Lejos de atribuir mera maldad personal al Almirante frente a la bondad del fraile, sitúa los hechos como propios de un sistema: «La reina, allá en España, dicen que era buena, y mandó a un gobernador que sacase a los indios de la esclavitud; pero los encomenderos le dieron al gobernador buen vino, y muchos regalos, y su porción en las ganancias, y fueron más que nunca los muertos, las manos cortadas, los siervos de las encomiendas, los que se echaban de cabeza al fondo de las minas».
Resulta significativo el tratamiento que Martí dedica en Patria, vocero de la revolución independentista, a la figura de Colón. A ello contribuían circunstancias que se trenzaban: el periódico se fundó el 14 de marzo de 1892, año que traería el aniversario 400 de la llegada del genovés y su marinería a tierras de América. La conmemoración de ese hecho, lejos de limitarse al año mencionado, propició el despliegue de posiciones colonialistas y colonizadas a la cuales el culto de Colón, y del llamado Descubrimiento de América, les resultaba afín y les daba cauces para manifestarse.

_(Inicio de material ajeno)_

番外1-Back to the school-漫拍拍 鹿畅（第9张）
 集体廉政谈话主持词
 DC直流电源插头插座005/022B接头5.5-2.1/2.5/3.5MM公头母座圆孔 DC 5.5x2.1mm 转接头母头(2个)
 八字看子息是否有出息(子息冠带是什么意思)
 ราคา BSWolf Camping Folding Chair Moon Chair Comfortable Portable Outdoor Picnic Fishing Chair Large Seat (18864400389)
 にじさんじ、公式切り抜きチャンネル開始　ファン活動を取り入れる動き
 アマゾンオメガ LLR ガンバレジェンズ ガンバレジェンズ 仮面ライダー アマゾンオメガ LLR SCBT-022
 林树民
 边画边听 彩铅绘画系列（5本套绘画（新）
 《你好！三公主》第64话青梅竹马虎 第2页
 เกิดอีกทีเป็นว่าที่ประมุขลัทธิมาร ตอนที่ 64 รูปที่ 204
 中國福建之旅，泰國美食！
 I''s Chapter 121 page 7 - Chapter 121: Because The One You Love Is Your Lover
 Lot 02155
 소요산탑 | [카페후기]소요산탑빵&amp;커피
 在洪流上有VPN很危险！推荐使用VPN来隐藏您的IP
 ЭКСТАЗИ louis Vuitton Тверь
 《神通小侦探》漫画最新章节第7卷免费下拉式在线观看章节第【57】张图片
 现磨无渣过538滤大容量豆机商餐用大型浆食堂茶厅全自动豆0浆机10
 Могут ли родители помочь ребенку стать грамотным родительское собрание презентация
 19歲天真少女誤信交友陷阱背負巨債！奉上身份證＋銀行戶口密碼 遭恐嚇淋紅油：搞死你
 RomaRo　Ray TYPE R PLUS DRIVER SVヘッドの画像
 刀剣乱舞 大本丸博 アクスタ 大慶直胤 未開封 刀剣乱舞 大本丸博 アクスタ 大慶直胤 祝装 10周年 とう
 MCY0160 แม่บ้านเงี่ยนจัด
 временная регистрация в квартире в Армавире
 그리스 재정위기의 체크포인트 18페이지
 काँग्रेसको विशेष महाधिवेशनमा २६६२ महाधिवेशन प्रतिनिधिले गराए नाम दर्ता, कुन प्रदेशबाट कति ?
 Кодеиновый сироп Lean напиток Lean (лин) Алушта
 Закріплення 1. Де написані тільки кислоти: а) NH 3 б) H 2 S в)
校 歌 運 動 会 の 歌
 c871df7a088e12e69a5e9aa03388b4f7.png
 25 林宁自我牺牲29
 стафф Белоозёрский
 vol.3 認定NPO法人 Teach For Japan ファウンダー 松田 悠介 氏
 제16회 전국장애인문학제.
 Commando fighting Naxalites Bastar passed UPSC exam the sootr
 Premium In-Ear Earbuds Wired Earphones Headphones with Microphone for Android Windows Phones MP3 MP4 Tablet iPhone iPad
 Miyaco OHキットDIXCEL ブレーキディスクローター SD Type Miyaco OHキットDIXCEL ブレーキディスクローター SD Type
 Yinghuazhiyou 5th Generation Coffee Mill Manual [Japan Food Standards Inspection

Juicios que hemos visto expresados por Martí prueban que no ignoraba lo que hubo de riesgo en los viajes de Colón, sobre todo en el primero, ni lo que representaron para fijar la comunicación entre Europa y las tierras que luego de 1492 serían bautizadas con el nombre de América, en homenaje a un banquero y cosmógrafo italiano, Américo Vespucio. Esa comunicación fue el gran aporte de la empresa colombina, pues los empeños anteriores no pasaron de ser hazañas aisladas. Pero quizás el revolucionario nunca elogió más resueltamente a Colón que cuando lo hizo para desarmar ideológicamente, con sus mismos referentes, a quienes, signados por el sometimiento a la hispanofilia colonialista o colonizada, menospreciaban la fuerza del independentismo.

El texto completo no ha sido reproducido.